Fundamental 3-D properties of magnetic turbulence observed in the magnetosheath are reported, thanks to measurements by ESA's Cluster mission close to the magnetopause. These properties are of prime importance to model magnetic turbulence in the magnetosheath, which plays a key role in the dynamical coupling between the solar wind and the magnetosphere. Their consequences are also relevant to astrophysical and laboratory plasmas. This new scientific breakthrough on magnetic turbulence by Cluster is published today, 24 February 2006, in Physical Review Letters.
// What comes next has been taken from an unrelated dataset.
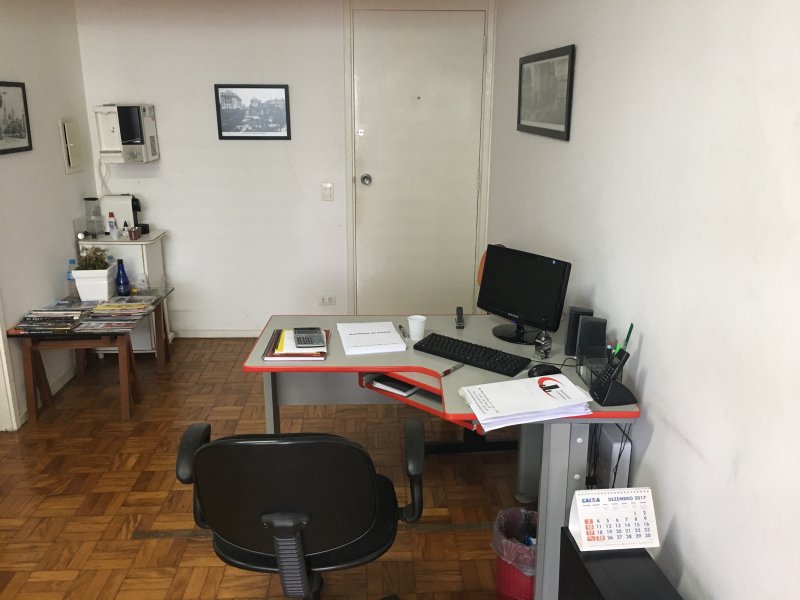 Comercial à venda Centro com 32m² e  quartos por R$ 150.000 - 2124941506-img-9703.JPG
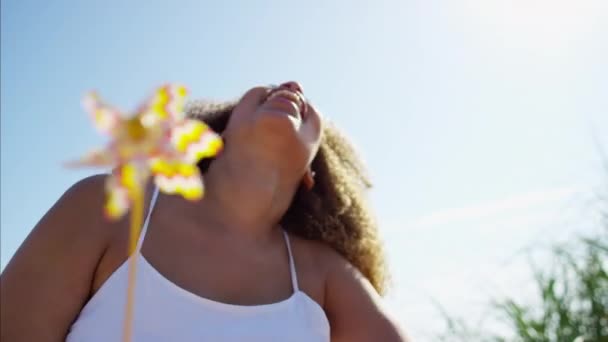 Mujer disfrutando del verano en la playa — Vídeos de Stock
The Earth's magnetic field is our line of defence against the permanent flow of particles coming from the Sun: the solar wind. Thanks to the Earth's magnetic field, most of this solar material gets deflected around the Earth's magnetosphere, delimited by a boundary layer called magnetopause.

Image 1: Sketch of the Earth's magnetosphere (ESA)

Like for any other magnetised planet (Jupiter, Saturn, ...), the solar wind is in fact first decelerated from supersonic to subsonic speed by a shock wave (called bow shock), located in front of the magnetopause. The region between the bow shock and the magnetopause, characterized by very turbulent plasma, is called the magnetosheath (Image 1).

Characterising the properties of the magnetic turbulence occurring in this region is of prime importance to understand its role in fundamental processes such as mass transport, energy dissipation and magnetic reconnection (a physical process which enables a small fraction of the incoming solar wind to sneak through the magnetopause).

Image 2: Magnetic field fluctuations measured by the FGM instrument on all four Cluster spacecraft, colour coded as follows: black–Cluster 1, red-Cluster 2, green-Cluster 3 and blue-Cluster 4. (a) parallel component of the magnetic field fluctuations with respect to the mean static field B0; (b) magnitude of the whole fluctuations normalized to B0 (courtesy of Dr. Sahraoui, CETP/IPSL)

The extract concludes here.